### Exercise instructions:
Please reproduce exactly, and only, the line containing "Soccer player playing with ball on field" and every line after it to the end of the records below, leaving out all pictures.

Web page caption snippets
⟨

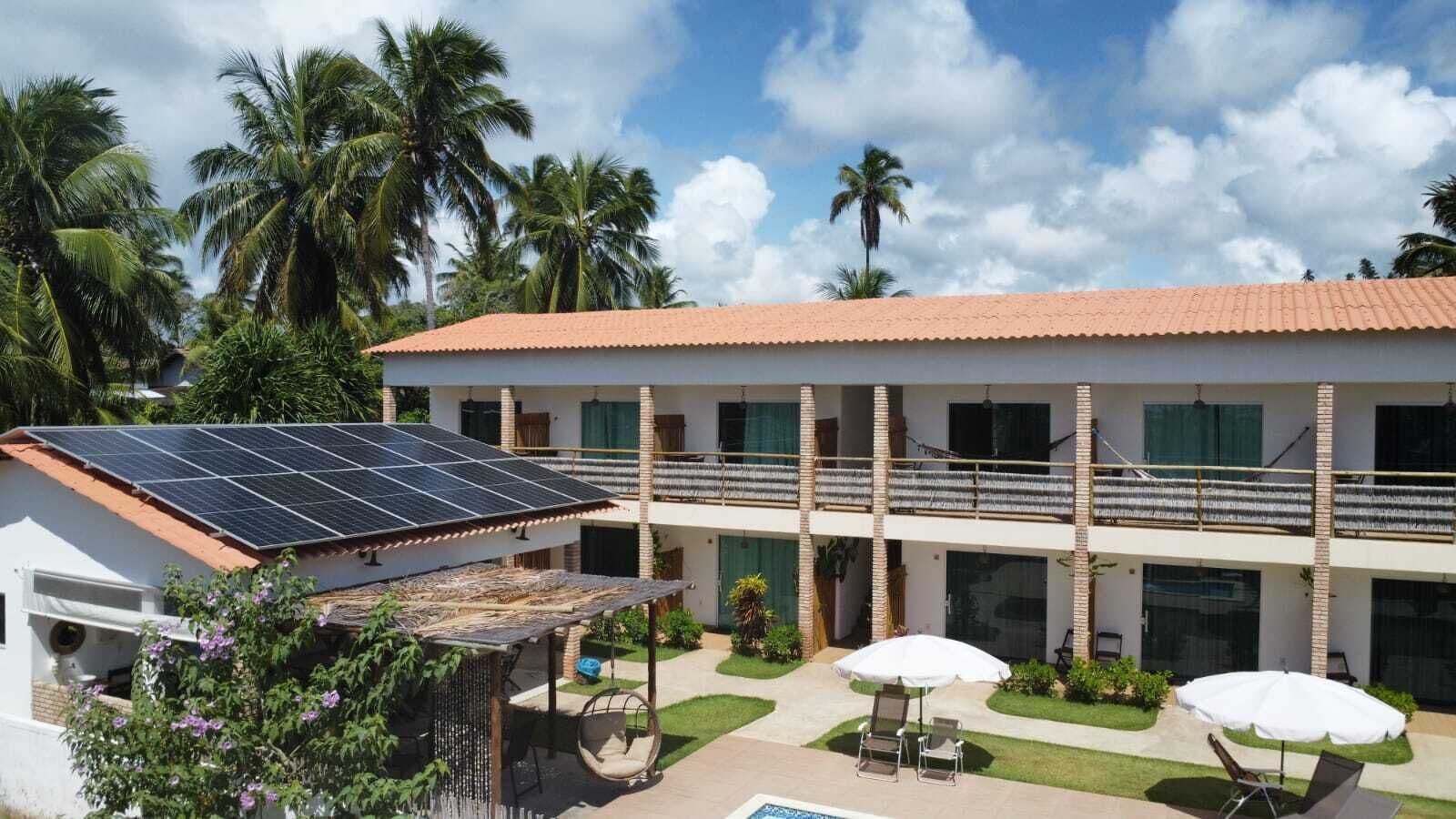 A two-story building with a tiled roof, a covered outdoor seating area, and a solar panel array.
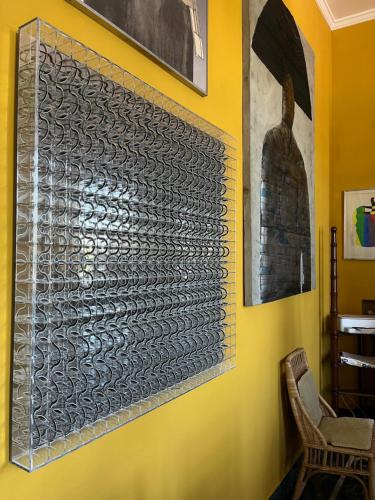 a wall with a metal art on a yellow wall at artemare in Viareggio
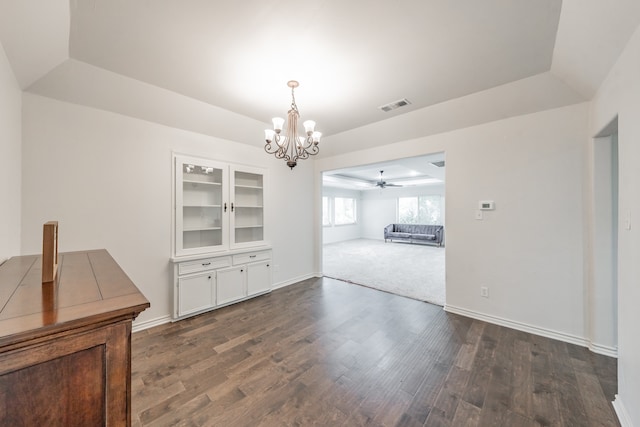 unfurnished dining area with a raised ceiling, visible vents, baseboards, and dark wood-style flooring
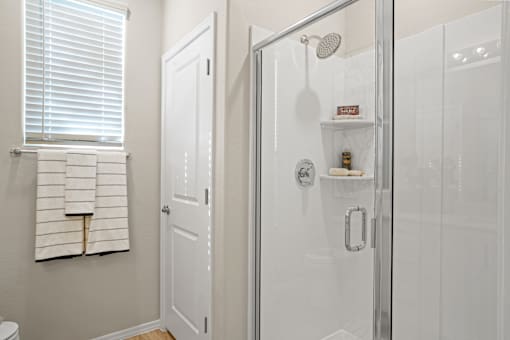 a white bathroom with a shower and a window at Soleil at Canyon Trails Apartments, Goodyear, Arizona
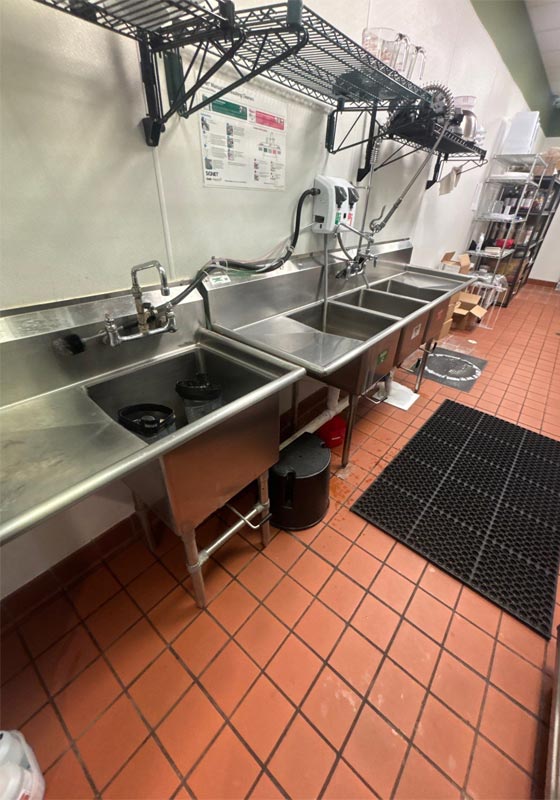 Commercial kitchen with stainless steel sinks in a restaurant in Tampa, FL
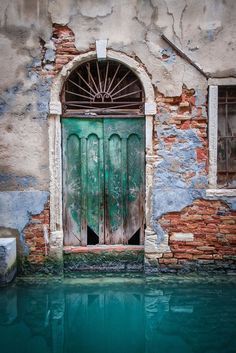 an old building with a green door in the water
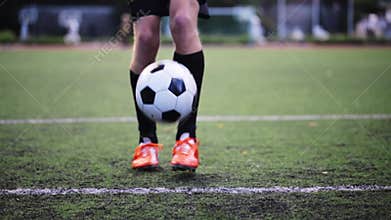 Soccer player playing with ball on field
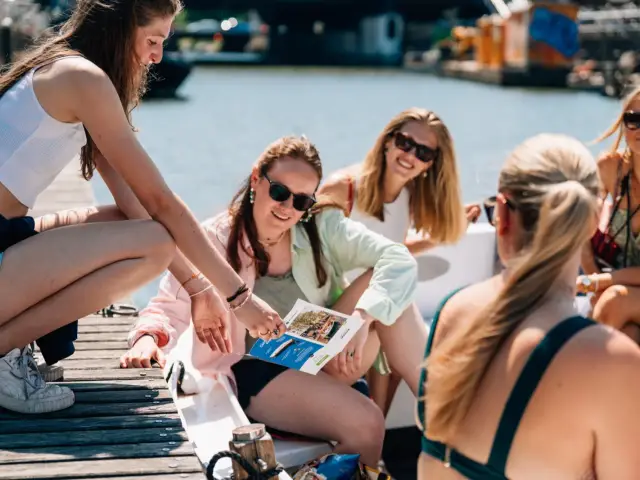 A crew member crouching on the dock shows a leaflet to a group seated in an open boat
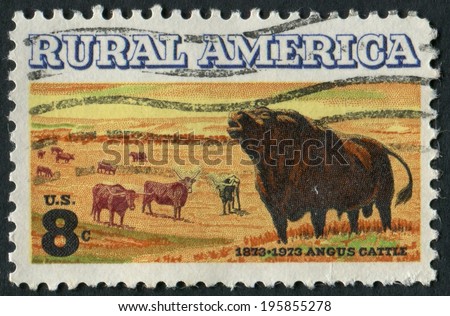 United States of America-Circa 1973: A stamp honoring Rural America showing Angus and Long Horn cattle.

⟩

### Solution below:
 Soccer player playing with ball on field
 A crew member crouching on the dock shows a leaflet to a group seated in an open boat
 United States of America-Circa 1973: A stamp honoring Rural America showing Angus and Long Horn cattle.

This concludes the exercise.